1. An evaluation device for measuring the ignition energy of a discharge lamp that is ignited by means of a superposed ignition unit, with the aid of a measuring signal that is proportional to the voltage across the discharge, and a measuring signal that is proportional to the current flowing through the lamp, wherein the evaluation device is configured such that the energy injected into a discharge lamp during a high voltage pulse is suitably evaluated by means of a combination of an analog circuit and a digital circuit.

2. The evaluation device as claimed in claim 1, further comprising a circuit arrangement configured to evaluate the power from the voltage and current signals.

3. The evaluation device as claimed in claim 1, further comprising a circuit arrangement configured to integrate the power signal.

4. The evaluation device as claimed in claim 1, further comprising a first switch between the circuit arrangement configured to evaluate the power and the circuit arrangement configured to integrate the power signal.

5. The evaluation device as claimed in claim 1, further comprising a second switch at the output of the circuit arrangement configured to integrate the power signal in order to reset the same.

6. The evaluation device as claimed in claim 1, further comprising a device configured to detect the application of the high voltage pulse.

7. The evaluation device as claimed in claim 1, further comprising comparator that is connected to the voltage signal and is configured to output a signal starting from a settable threshold voltage.
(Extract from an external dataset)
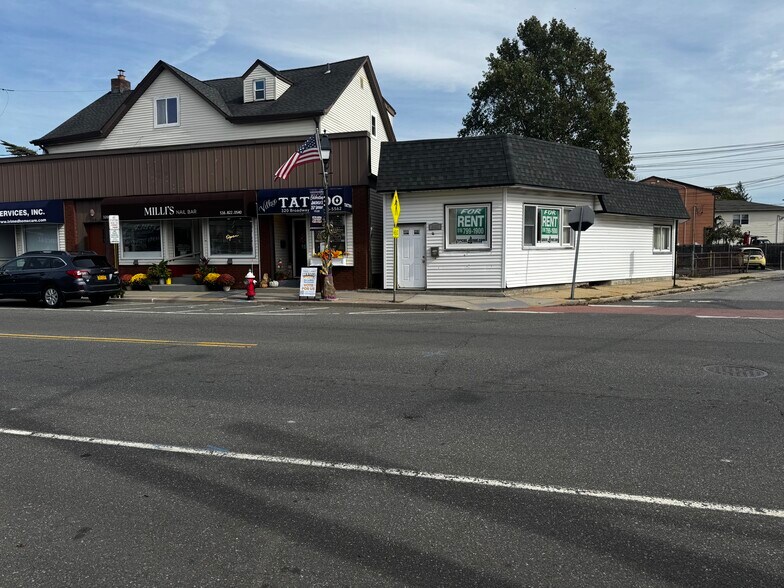 310 Broadway, Bethpage, NY à louer - Photo de l’immeuble – Image 1 sur 10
8. The evaluation device as claimed in claim 6, further comprising a logic module that is connected to the device to detect the high voltage pulse and is connected to the first switch and to the second switch.

9. The evaluation device as claimed in claim 8, wherein the logic module is configured to switch on the first switch immediately after the detection of the high voltage pulse and to switch it off again after a fixed time.

10. The evaluation device as claimed in claim 8, wherein the logic module is configured to close the second switch after a fixed time after the opening of the first switch.

11. The evaluation device as claimed in claim 1, further comprising a measurement acquisition system being connected, wherein the measurement acquisition system is configured to measure the applied voltage values in time sequence.

12. The evaluation device as claimed in claim 1, configured to be used for igniting a high pressure discharge lamp.

13. The evaluation device as claimed in claim 1, wherein a peak voltage detector whose signals are measured by a measurement acquisition system is used in parallel with this device.